This morning we all actually understood that the south entrance is actually the east one (yeah, that’s a so called internal joke) and most of us were sitting down, eager and prepared when the day started at 9:30 am.
Capsule. The capsule protocol (RFC 9297) is a way to, put simply, send UDP packets/datagrams over old style HTTP/1 or HTTP/2 proxies.
Cookies. With the 6265bis effort well on its way to ship as an updated RFC, there is an effort and intent to take yet another stab at improving and refreshing the cookie spec situation. In particular to better split off browser management and API related stuff from the more network-oriented over-the-wire details. You know yours truly never ceases an opportunity to voice his opinion on cookies… I approve of this attempt as well, as I think increasing clarity and improving the specification situation can’t but to help improve things.
Declarative web push. There’s an ongoing effort to improve web push – not to be confused with server push, so that it can be done easier and without needing JavaScript to manage it in the client side.
Reverse HTTP. There are origins who want to contact their CDNs without having to listening on any ports/sockets and still be able to provide content. That’s one of the use cases for Reverse HTTP and we got to learn details from internet drafts done on the topics for the last fifteen years and why it might still be a worthwhile effort and why the use cases still exist. But is there an enough demand to put it into HTTP?
Server Stack Detection. A discussion around how someone can detect the origin of the server stack of any given HTTP server implementation. Should there be a better way? What is the downside of introducing what would basically be the server version of the user-agent header field? Lots of productive discussions on how to avoid recreating problems of the past but in a reversed way.

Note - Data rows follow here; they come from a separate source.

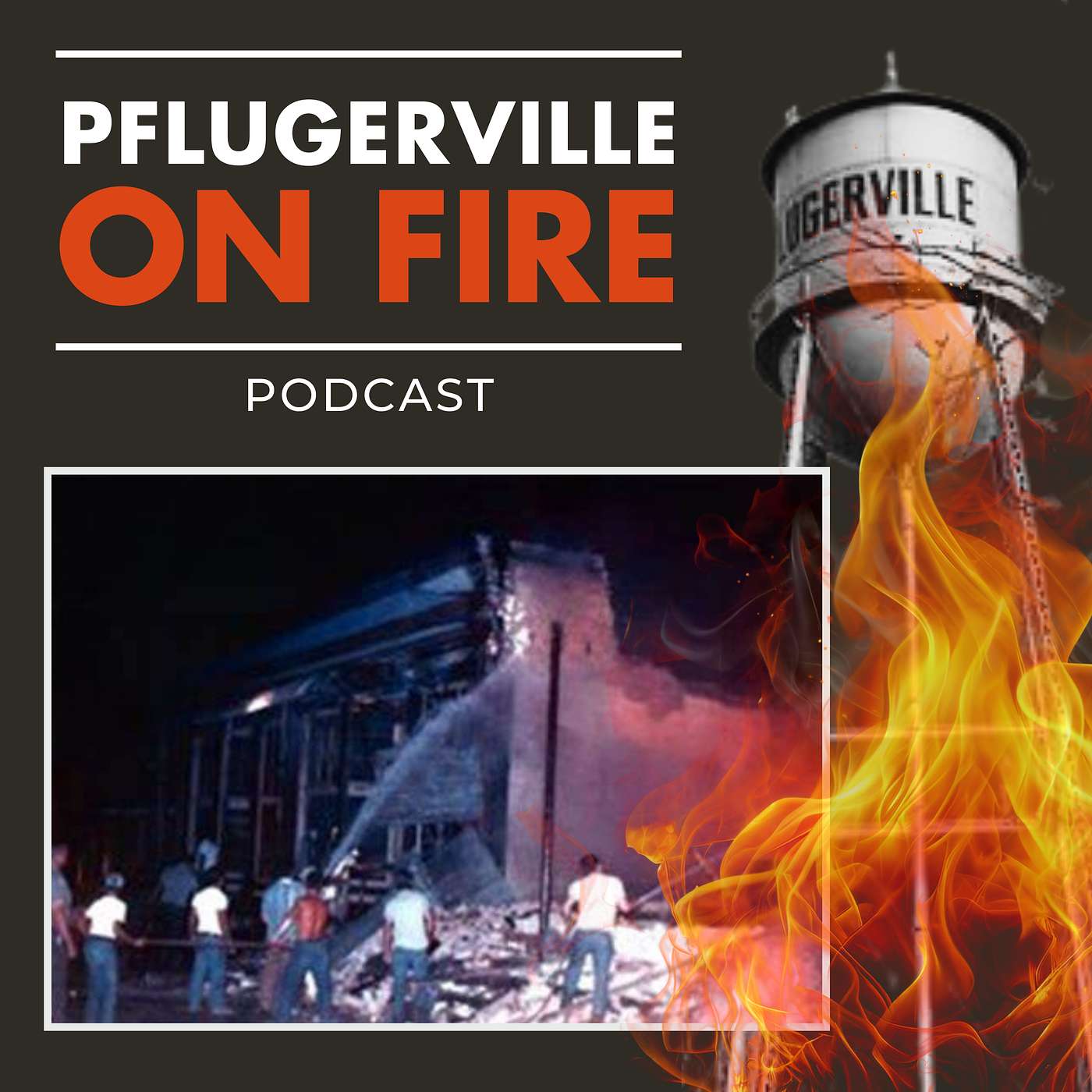Pflugerville on Fire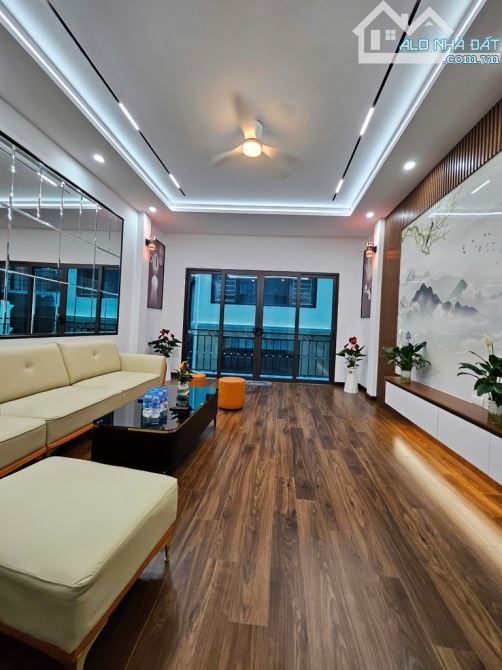 BÙI XƯƠNG TRẠCH, NGÕ THÔNG, Ô TÔ QUA, KINH DOANH, FULL NỘI THẤT, SỔ HOA HẬU. - 2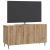 Cabinet TV Stejar Artizanal 99 x 34,5 x 52 cm Lemn prelucrat GartenMobel Dekor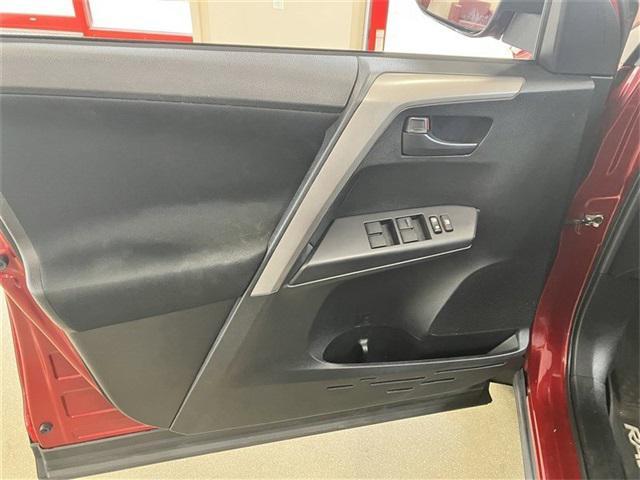 used 2018 Toyota RAV4 car, priced at $17,500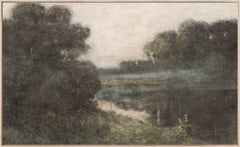 59.375 × 36.375 in – Lienzo Enmarcado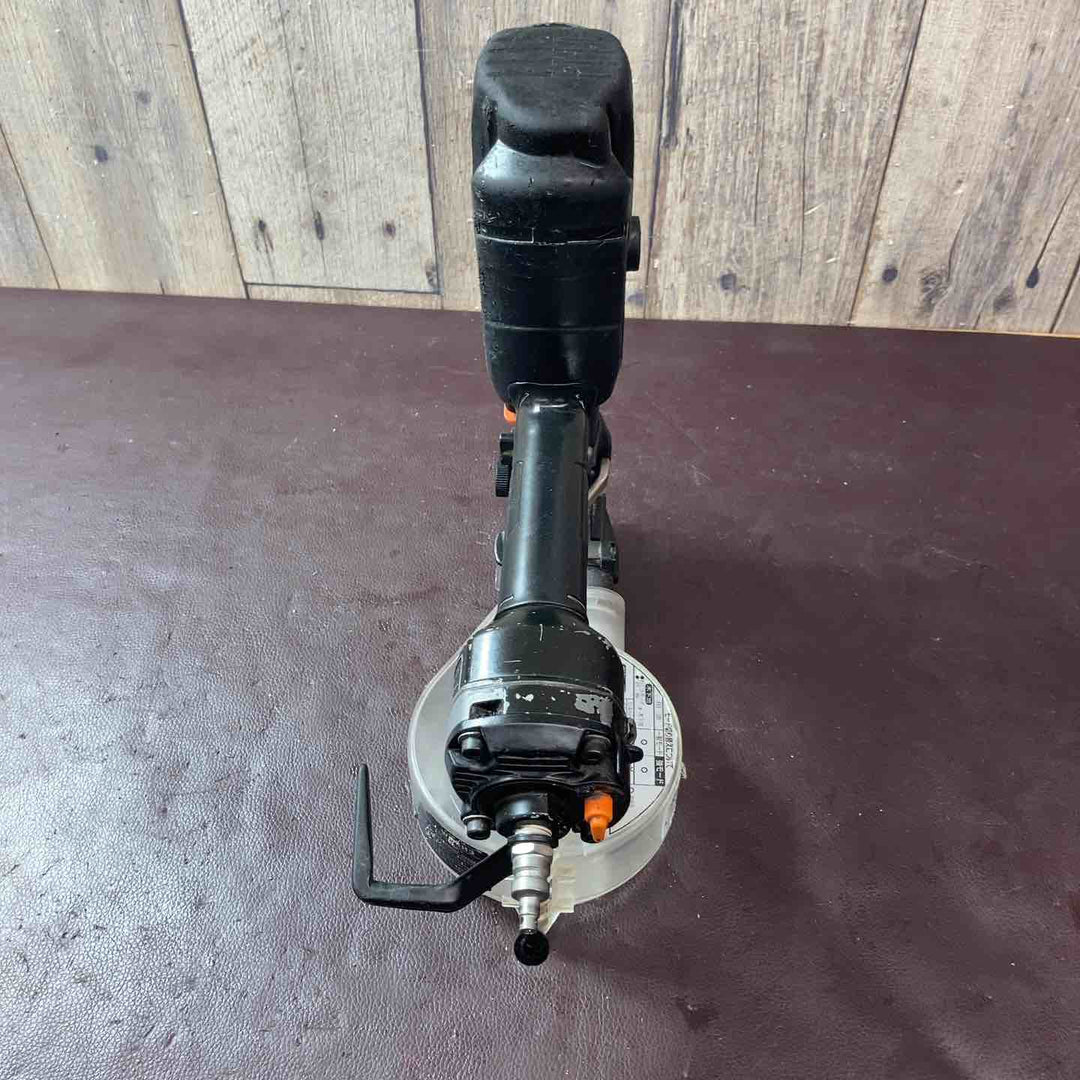 【中古品】ハイコーキ(HIKOKI ※旧:日立工機) 高圧エアネジ打ち機 WF4H3(MB)マットブラック【東大和店】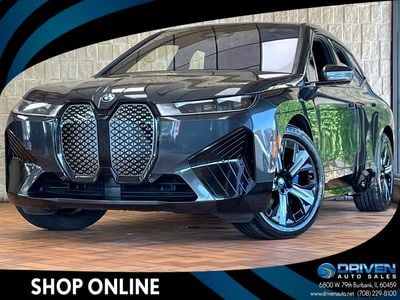 2022 BMW iX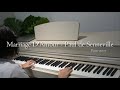 🎼Marriage D'Amour - Paul de Senneville #LeThi Music🎹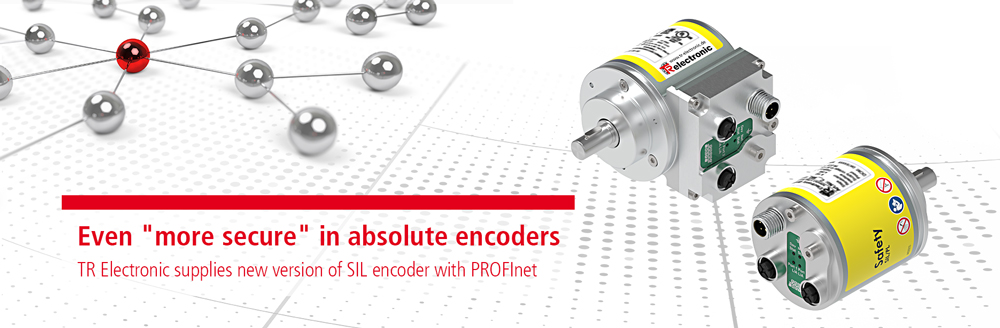 Even "more secure" in absolute encoders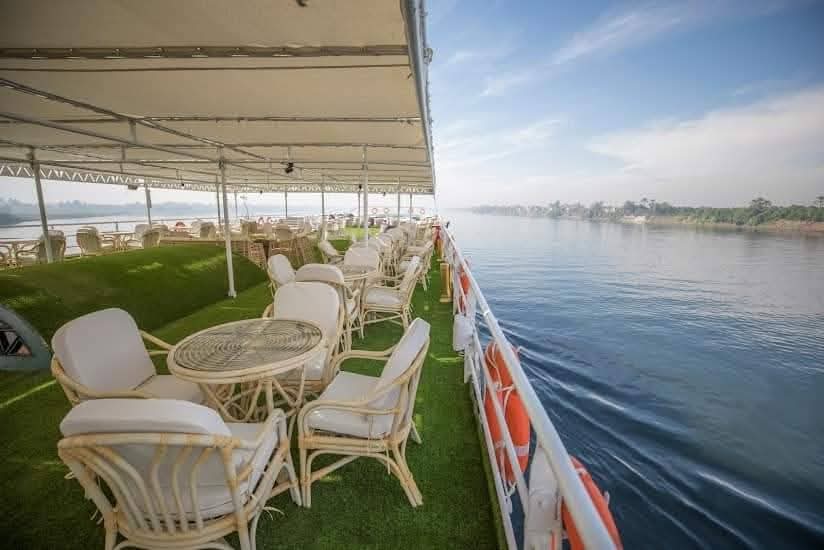 MS Nile Premium Cabin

MoQ: What is it and why is it not just HTTP/3? Was an educational session about the ongoing work done in this working group that is wrongly named and would appreciate more input from the general protocol community.
New HTTP stack. A description of the journey of a full HTTP stack rewrite: how components can be chained together and in which order and a follow-up discussion about if this should be included in documentation and if so in which way etc. Lessons included that the spec is one thing, the Internet is another. Maybe not an entirely new revelation.
Multiplexing in the year 2024. There are details in HTTP/2 multiplexing that does not really work, there are assumptions that are now hard to change. To introduce new protocols and features in the modern HTTP stack, things need to be done for both HTTP/2 and HTTP/3 that are similar but still different and it forces additional work and pain.
What if we create a way to do multiplexing over TCP, so called “over streams”, so that the HTTP/3 fallback over TCP could still be done using HTTP/3 framing. This would allow future new protocols to remain HTTP/3-only and just make the transport be either QUIC+UDP or Streams-over TCP+TLS. This triggered a lot of discussions, mostly positive and forward-looking but also a lot of concerns raised about additional work and yet another protocols component to write and implement that then needs to be supported until the end of times because things never truly go away completely.
I think this sounds like a fun challenge! Count me in.
End of day two. I need a beer or two to digest this.
For the sixth time, this informal group of HTTP implementers and related “interested parties” unite in a room over a couple of days doing a HTTP Workshop. Nine years since that first event in Münster, Germany.
If you are someone like me, obsessed with networking and HTTP in particular this is certainly the place to be. Talking and discussing past lessons, coming changes and protocol dreams in several days with like-minded people is a blast. The people on these events are friends that I don’t always get to hang out with too often. Many of the attendees here have been involved in this community for a long time and have attended all or most of the past workshops as well. I have fortunately been able to attend all of them so far.
This time we are in London.
Let me tell you a little about the topics of day one – without spilling the beans about exactly who said what or what the company they came from. (I will add links to the presentations later once I know where to link to.)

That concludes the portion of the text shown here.